• About this task: Only one stretch of the data below is wanted: the lines from the one with "RRL Stockton corduroy-trimmed denim jacket | Thumbnail 6 RRL" through the one with "Off-white Woman Leggings", repeated exactly.

(Collected data entries)
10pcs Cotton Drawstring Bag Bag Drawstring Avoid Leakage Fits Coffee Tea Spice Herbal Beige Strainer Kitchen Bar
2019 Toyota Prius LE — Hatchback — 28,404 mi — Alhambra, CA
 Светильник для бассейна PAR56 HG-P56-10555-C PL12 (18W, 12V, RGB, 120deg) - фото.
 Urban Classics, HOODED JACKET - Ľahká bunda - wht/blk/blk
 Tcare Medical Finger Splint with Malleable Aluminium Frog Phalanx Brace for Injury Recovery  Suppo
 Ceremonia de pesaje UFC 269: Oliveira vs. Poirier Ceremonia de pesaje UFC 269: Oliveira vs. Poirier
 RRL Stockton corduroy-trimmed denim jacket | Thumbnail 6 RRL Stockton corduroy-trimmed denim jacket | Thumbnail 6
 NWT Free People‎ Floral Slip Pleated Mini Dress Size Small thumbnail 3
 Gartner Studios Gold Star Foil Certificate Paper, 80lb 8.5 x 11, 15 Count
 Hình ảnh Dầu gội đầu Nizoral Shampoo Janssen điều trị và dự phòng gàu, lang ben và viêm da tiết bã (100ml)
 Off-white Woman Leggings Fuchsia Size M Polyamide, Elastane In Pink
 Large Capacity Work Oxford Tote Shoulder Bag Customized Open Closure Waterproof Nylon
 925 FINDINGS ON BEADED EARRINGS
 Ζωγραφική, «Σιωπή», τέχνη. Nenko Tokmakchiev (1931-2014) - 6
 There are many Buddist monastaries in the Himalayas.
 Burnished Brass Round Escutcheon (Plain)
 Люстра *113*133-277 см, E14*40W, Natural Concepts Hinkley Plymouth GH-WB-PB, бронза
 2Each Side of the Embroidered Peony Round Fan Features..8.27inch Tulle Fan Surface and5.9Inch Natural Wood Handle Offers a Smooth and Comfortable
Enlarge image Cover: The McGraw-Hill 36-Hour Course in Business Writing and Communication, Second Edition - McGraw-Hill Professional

• Solution:
 RRL Stockton corduroy-trimmed denim jacket | Thumbnail 6 RRL Stockton corduroy-trimmed denim jacket | Thumbnail 6
 NWT Free People‎ Floral Slip Pleated Mini Dress Size Small thumbnail 3
 Gartner Studios Gold Star Foil Certificate Paper, 80lb 8.5 x 11, 15 Count
 Hình ảnh Dầu gội đầu Nizoral Shampoo Janssen điều trị và dự phòng gàu, lang ben và viêm da tiết bã (100ml)
 Off-white Woman Leggings Fuchsia Size M Polyamide, Elastane In Pink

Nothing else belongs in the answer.